The dynamic programming algorithm to optimally fill a knapsack works well in the case of one knapsack. But is there an efficient known algorithm that will optimally fill 2 knapsacks (capacities can be unequal)?
I have tried the following two approaches and neither of them is correct.
- First fill the first knapsack using the original DP algorithm to fill one knapsack and then fill the other knapsack.
- First fill a knapsack of size W1 + W2 and then split the solution into two solutions (where W1 and W2 are the capacities of the two knapsacks).
Problem statement (see also Knapsack Problem at Wikipedia):
We have to fill the knapsack with a set of items (each item has a weight and a value) so as to maximize the value that we can get from the items while having a total weight less than or equal to the knapsack size.

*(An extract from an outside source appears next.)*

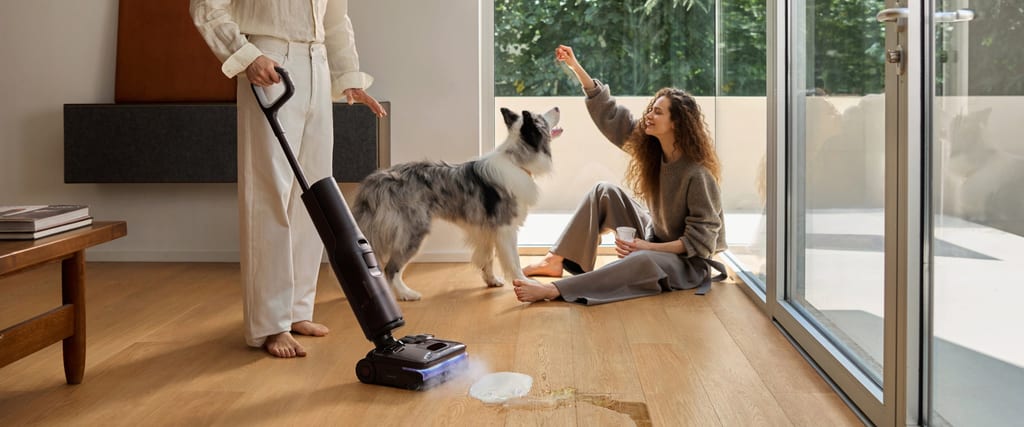 Den stående våt- og tørrstøvsugeren Roborock F25 Ultra Steam Gen 2 i bruk på et tregulv med søl, hund og to personer i en stue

We cannot use an item multiple times.
- We cannot use a part of an item. We cannot take a fraction of an item. (Every item must be either fully included or not).
Answer
I will assume each of the n items can only be used once, and you must maximize your profit.
Original knapsack is dp[i] = best profit you can obtain for weight i
for i = 1 to n do
for w = maxW down to a[i].weight do
if dp[w] < dp[w - a[i].weight] + a[i].gain
dp[w] = dp[w - a[i].weight] + a[i].gain
Now, since we have two knapsacks, we can use dp[i, j] = best profit you can obtain for weight i in knapsack 1 and j in knapsack 2
for i = 1 to n do
for w1 = maxW1 down to a[i].weight do
for w2 = maxW2 down to a[i].weight do
dp[w1, w2] = max
{
dp[w1, w2], <- we already have the best choice for this pair
dp[w1 - a[i].weight, w2] + a[i].gain <- put in knapsack 1
dp[w1, w2 - a[i].weight] + a[i].gain <- put in knapsack 2
}
Time complexity is O(n * maxW1 * maxW2), where maxW is the maximum weight the knapsack can carry. Note that this isn't very efficient if the capacities are large.